• Exercise brief: Beginning with the line that holds "Imagem 6: Sobrado" and ending with the last line below, repeat each line exactly, leaving any pictures out.

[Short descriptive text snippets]
============================================================

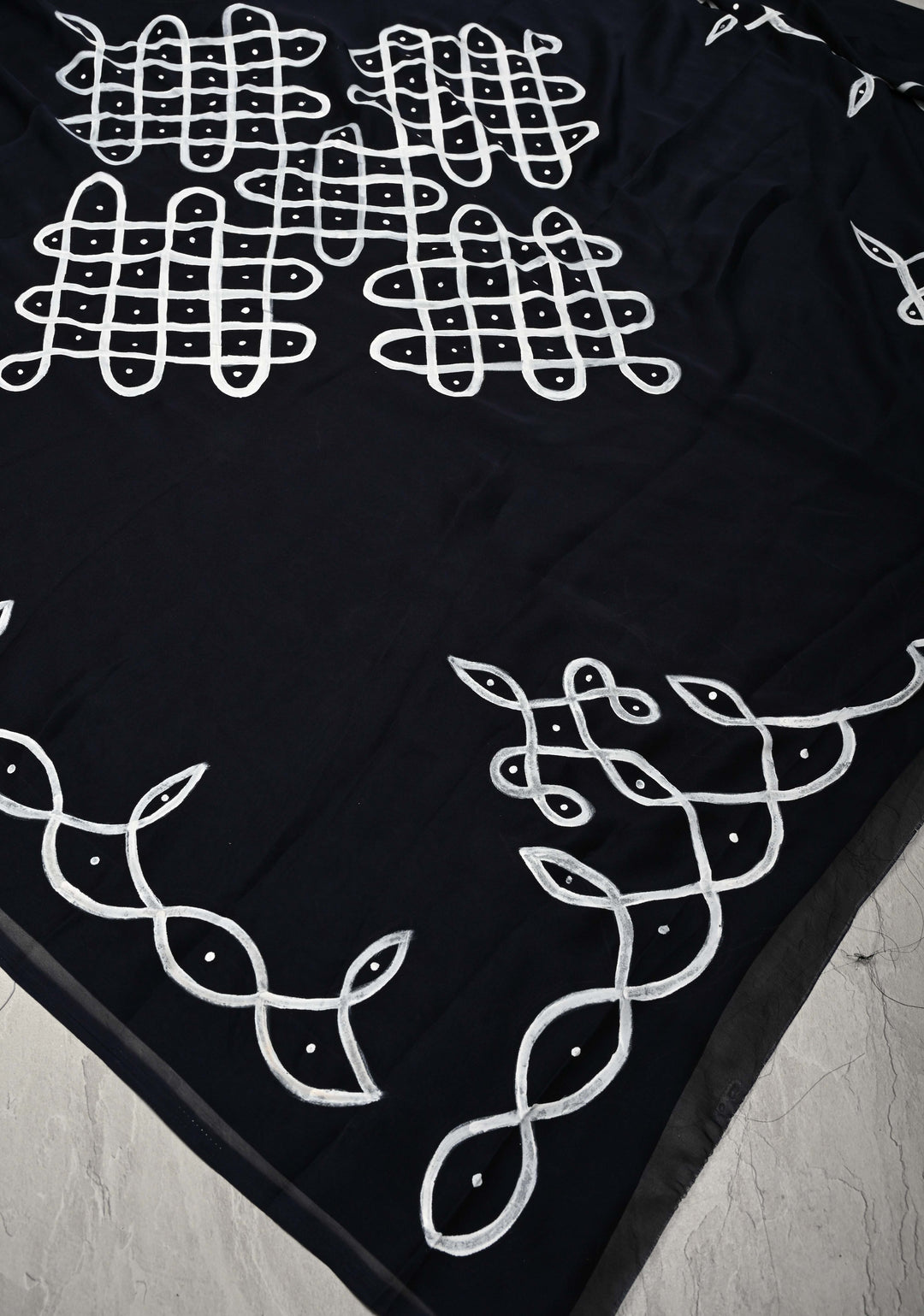 Deep Midnight Blue Shimmer Georgette Saree with Rangoli Hand Painted on Pallu , No Blouse Piece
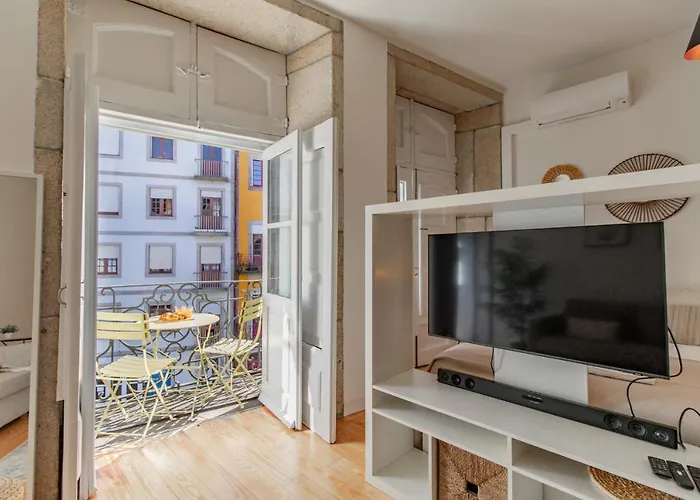 Virtudes Flat W/ Ac & Balcony By Lovelystay ポルト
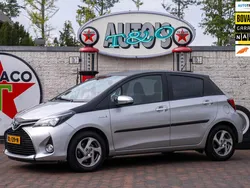 Grijs, metallic lak Gebruikt 2017 Toyota Yaris Hybrid Trend Hatchback | € 15.950 (Eerlijke prijs)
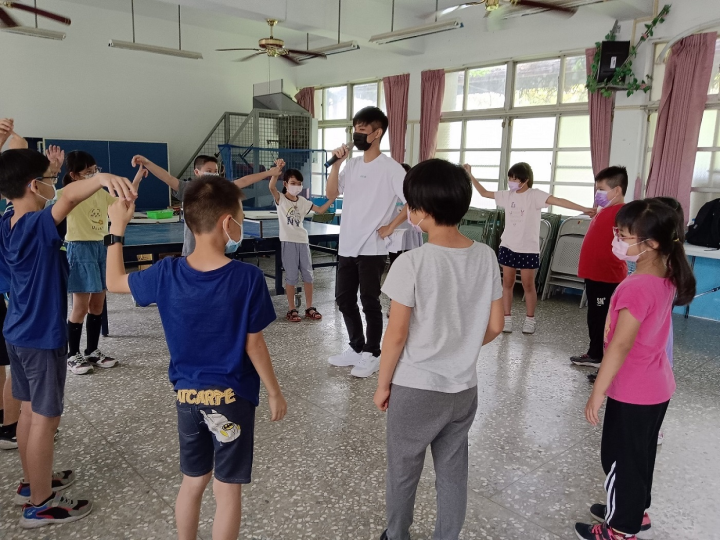 甜甜兒童劇團於臺南市後港國小進行情緒閱讀繪本課程，學生踴躍舉手發表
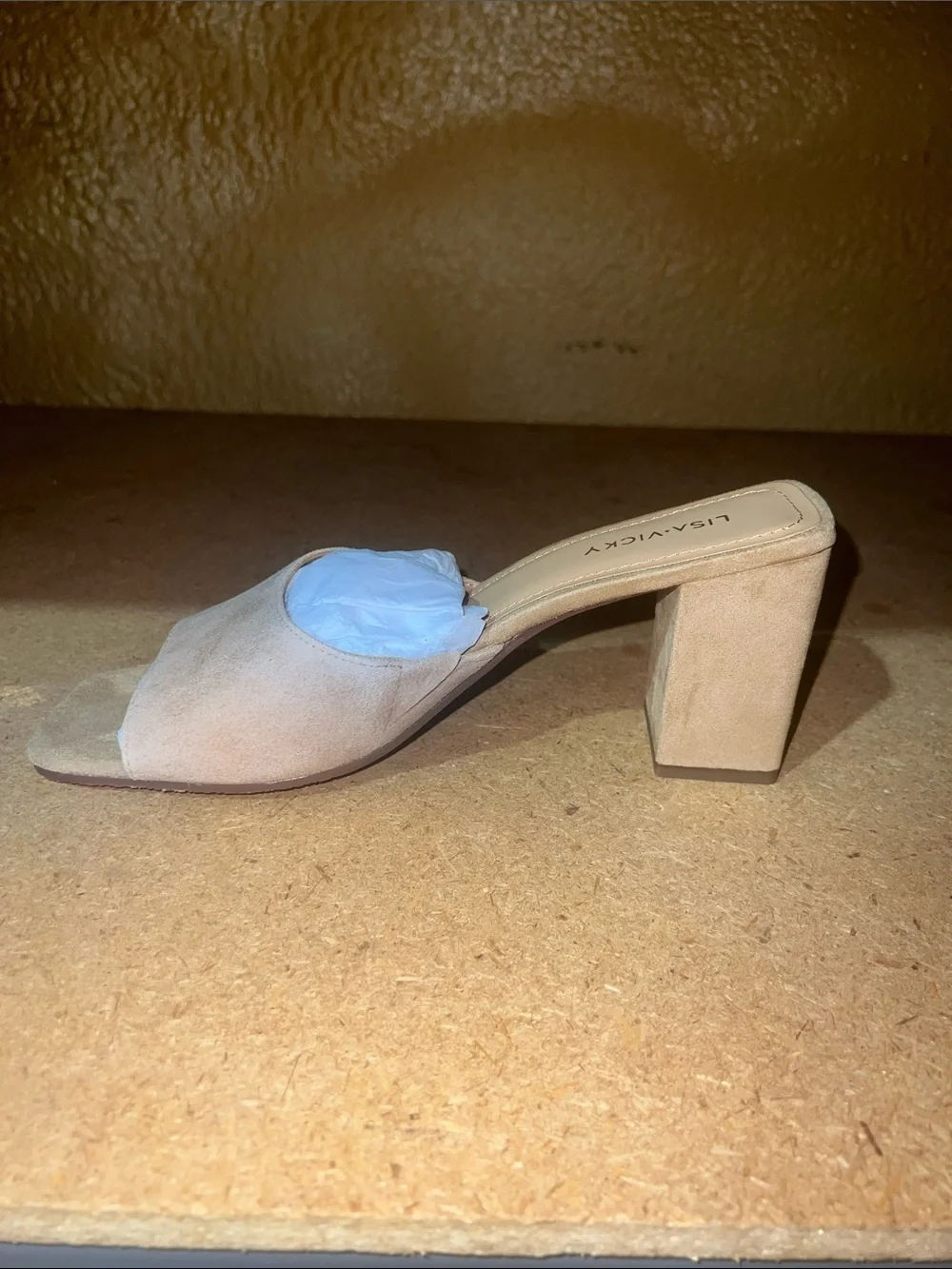 Lisa Vicky’s Women’s Size 9 Tan Women's Slide Sandals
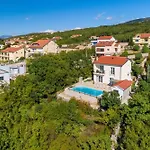 Holiday Home In Smrika 45290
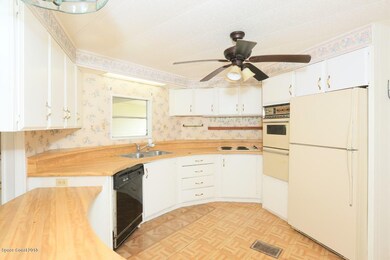 737 Barefoot Blvd - Kitchen Update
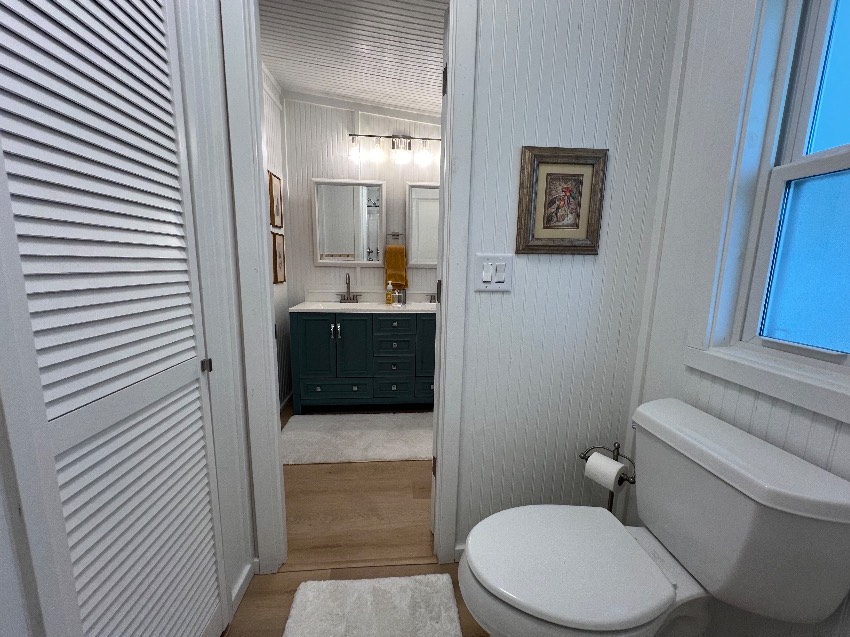 5726 Axminster Dr a Sarasota, FL Mobile or Manufactured Home for Sale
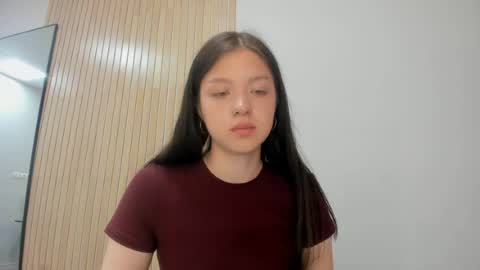 christyhryust online show from August 6, 2026, 1:24 pm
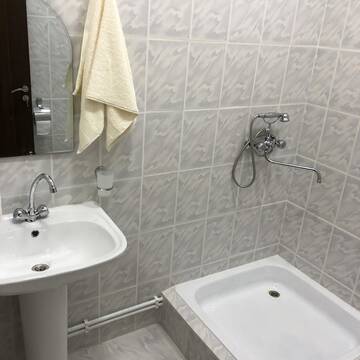 Фото номера Бюджетный двухместный номер с 2 отдельными кроватями Отель Biotech Guest Room г. Ереван 4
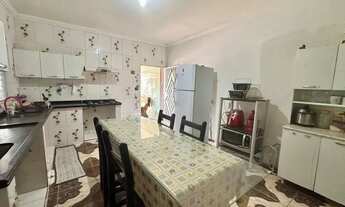 Imagem 6: Sobrado à venda com 270 metros de costrução, com 4 quartos no Setor Jardins Madri - Goiân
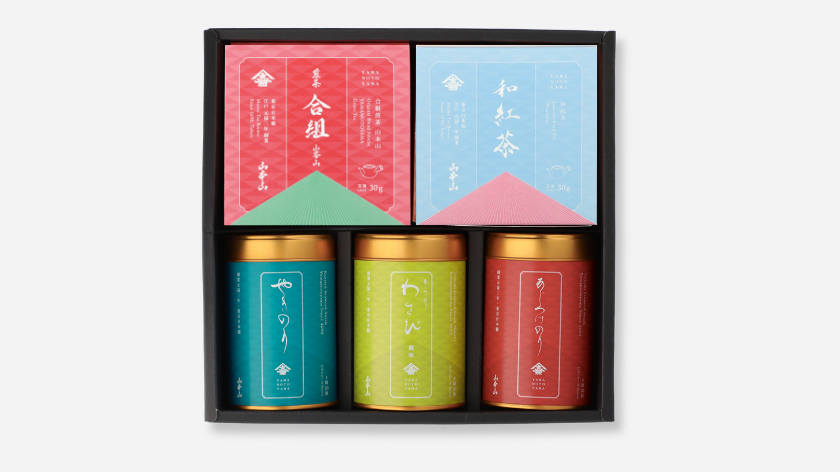 Assortment of nori crackers and various seaweed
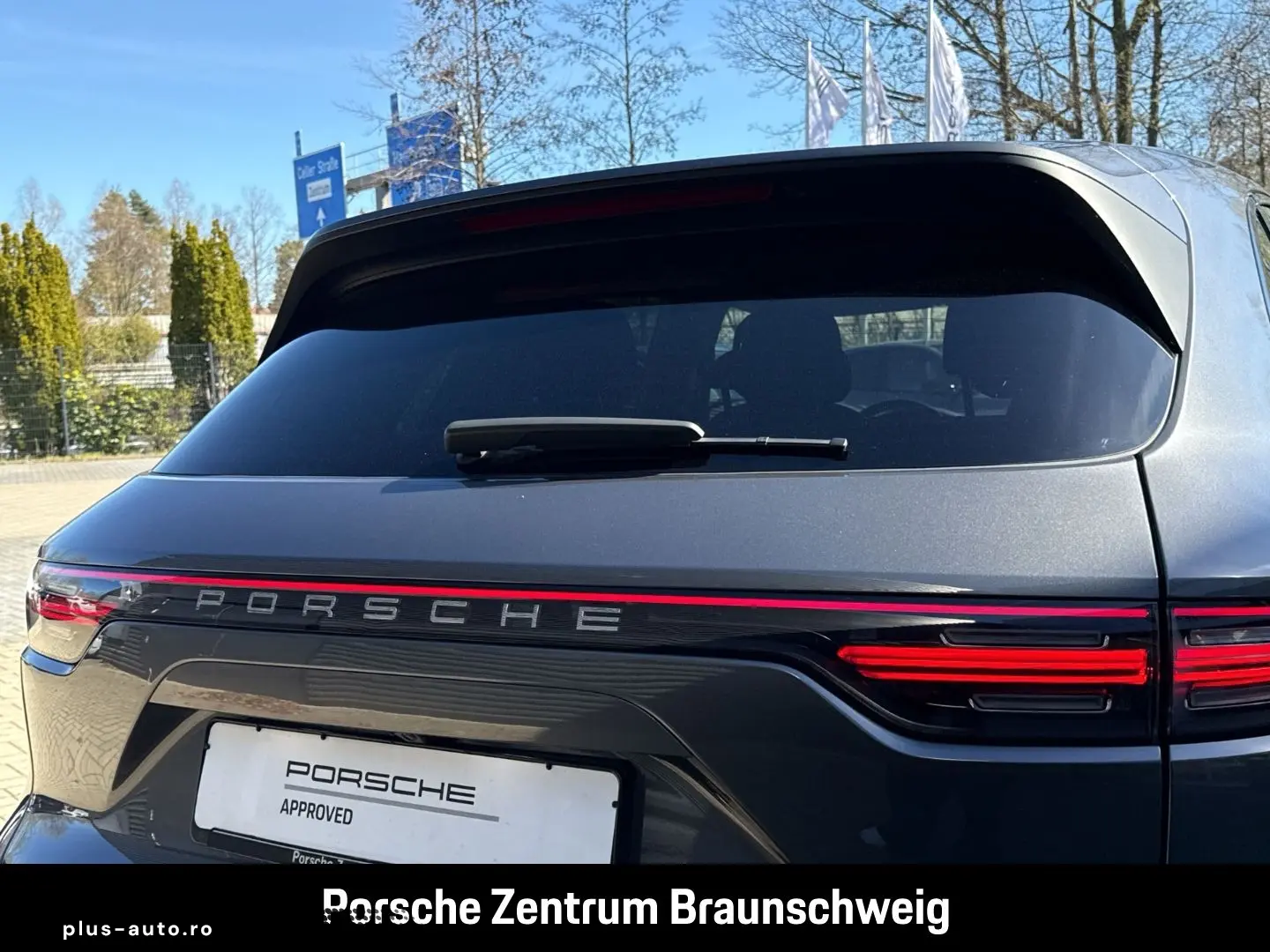 PORSCHE Cayenne BOSE 21-Zoll Rückfahrkamera LED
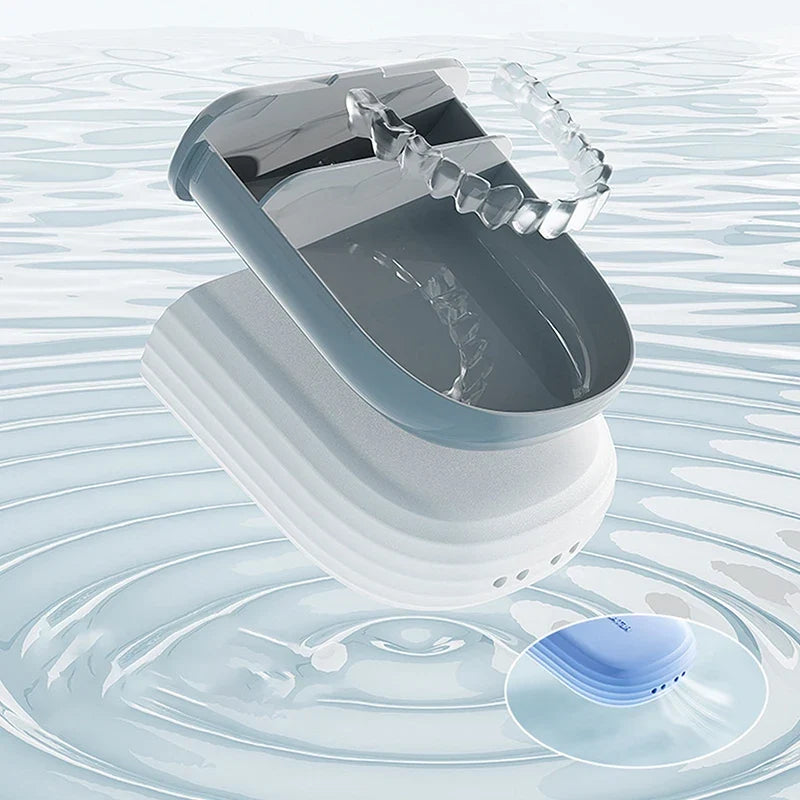 Portable Sealed Retainer & Aligner Travel Case | 3 Colors Retainer Travel Case Qme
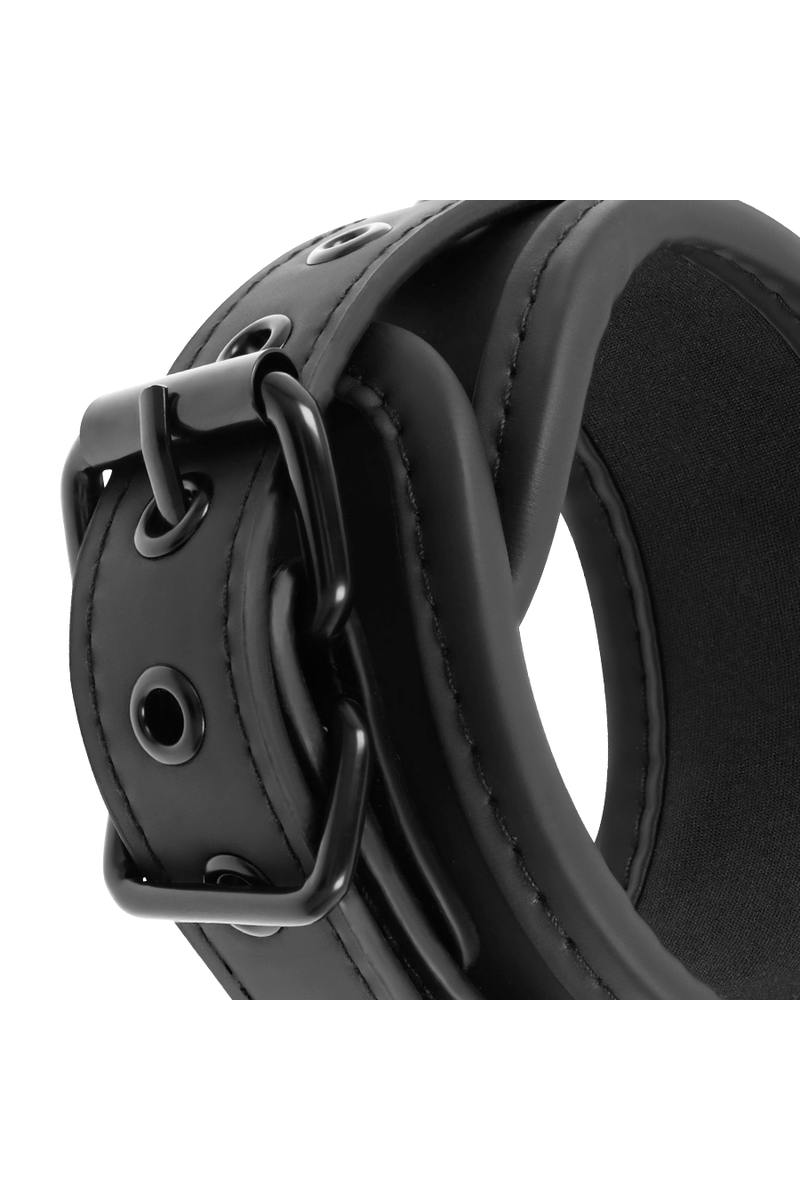 FETISH SUBMISSIVE - POSICIÓN MASTER CON 4 ESPOSAS CON FORRO DE NOPRENO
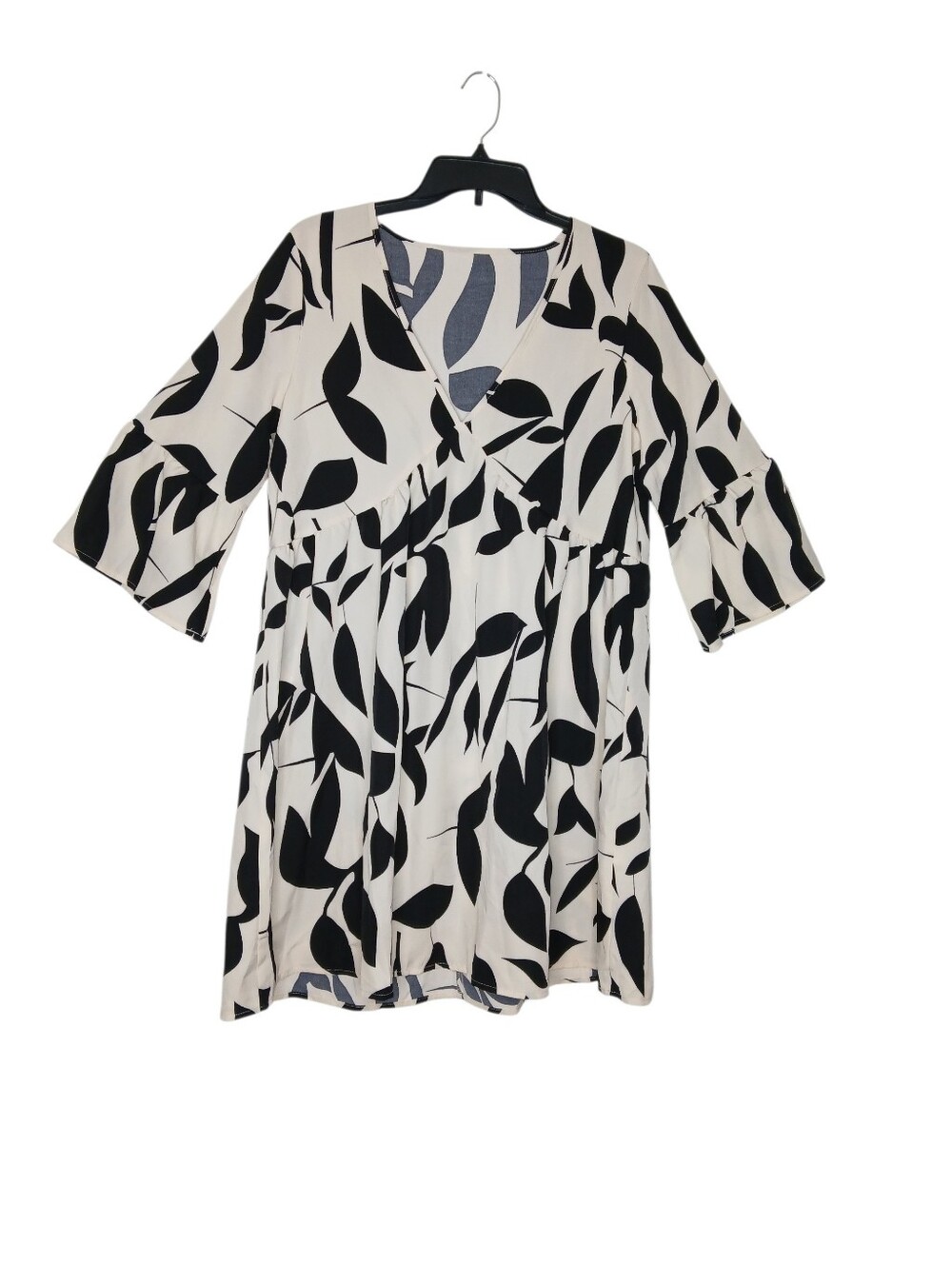 Black Leaf-Print V-Neck Women's Tunic Top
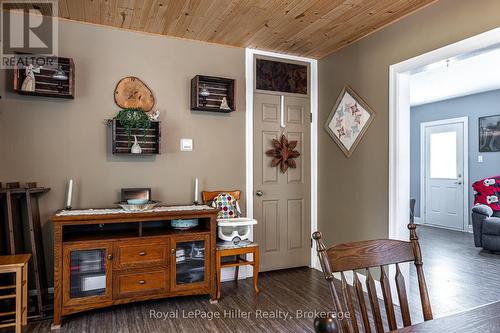 272 John Street N, Stratford, ON - Indoor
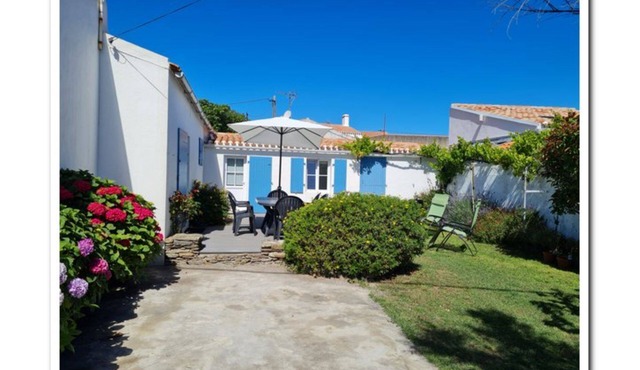 Charming family house 10 minutes from the port by bike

============================================================

• Exercise solution:
 Imagem 6: Sobrado à venda com 270 metros de costrução, com 4 quartos no Setor Jardins Madri - Goiân
 Assortment of nori crackers and various seaweed
 PORSCHE Cayenne BOSE 21-Zoll Rückfahrkamera LED
 Portable Sealed Retainer & Aligner Travel Case | 3 Colors Retainer Travel Case Qme
 FETISH SUBMISSIVE - POSICIÓN MASTER CON 4 ESPOSAS CON FORRO DE NOPRENO
 Black Leaf-Print V-Neck Women's Tunic Top
 272 John Street N, Stratford, ON - Indoor
 Charming family house 10 minutes from the port by bike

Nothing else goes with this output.